You may choose from a variety of investment options based on your beneficiary's specific situation and your preferred investment approach. For a description of each fund option, log on to the CollegeBound 529 website.
As with most investments, there is no guarantee that any fund option will achieve its investment goal. Whether or not—and the extent to which—your account grows depends on:
- The amount you contribute
- How your assets are invested
- When your beneficiary enrolls in higher education
For the most part, the 529 plan offers several federally-approved tax breaks:
- Earnings growth. Your investment earnings grow tax-free under the plan.
- Distributions. When you make a withdrawal for qualified education expenses, your distribution (your principal plus earnings) is free from federal income tax. If your withdrawal is for a non-qualified expense, the earnings on your investments will be taxed as ordinary income to you and an additional 10% penalty will apply to those investment earnings.

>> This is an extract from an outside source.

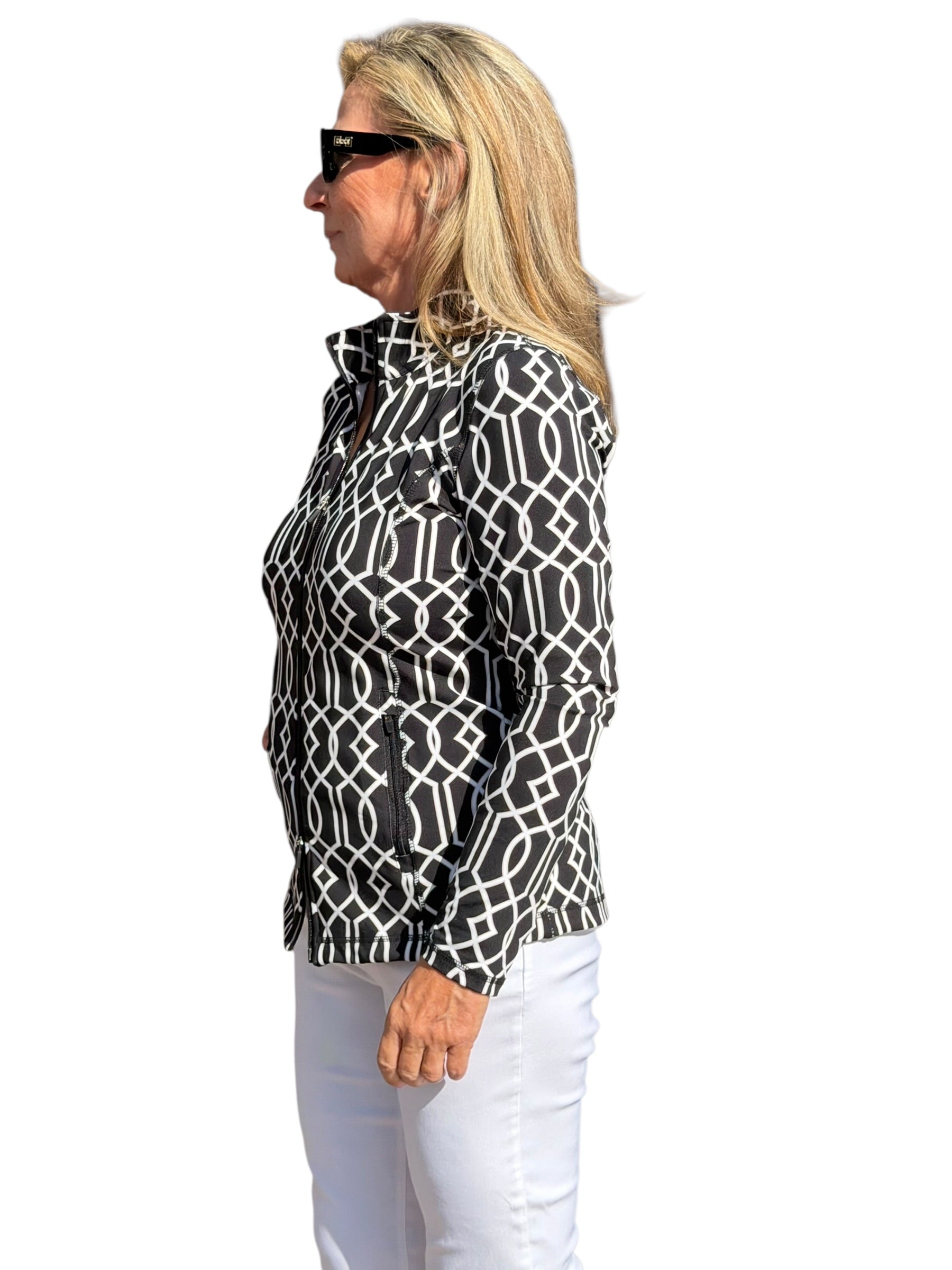 Zip - Up Long Sleeve Jacket with UPF50+ Geometric Lines Black - Back of the Bay Boutique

- Special gift and estate tax treatment. Contributions to your account are considered completed gifts for federal gift and estate tax purposes. That means they are excluded from your taxable estate. Restrictions apply, please consult your tax advisor for additional information or to discuss your unique situation.
Some states also offer a state income tax deduction or tax credit, but not all. Before you decide to contribute to this plan, you may want to consult with your tax advisor about your state's laws.

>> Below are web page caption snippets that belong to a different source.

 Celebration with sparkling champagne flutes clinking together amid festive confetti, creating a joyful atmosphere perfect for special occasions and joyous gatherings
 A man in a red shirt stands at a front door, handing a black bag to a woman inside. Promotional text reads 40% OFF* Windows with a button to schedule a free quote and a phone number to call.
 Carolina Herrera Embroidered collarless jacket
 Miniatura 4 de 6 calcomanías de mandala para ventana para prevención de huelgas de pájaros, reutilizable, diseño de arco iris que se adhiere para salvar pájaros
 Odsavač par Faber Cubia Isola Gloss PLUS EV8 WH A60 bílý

You can make a withdrawal at any time. Please note the following tax implications:
- If your withdrawal is for a qualified education expense, that money will be federally tax-free.
- If your withdrawal is for a non-qualified expense, your entire principal will be returned, but your earnings will be taxed as ordinary income to you and an additional 10% penalty will apply.
Because your contributions are made with after-tax dollars, you may continue participating in the plan even if you leave the Company. Instead of paying through payroll deductions, you will make your contributions to the investment manager directly.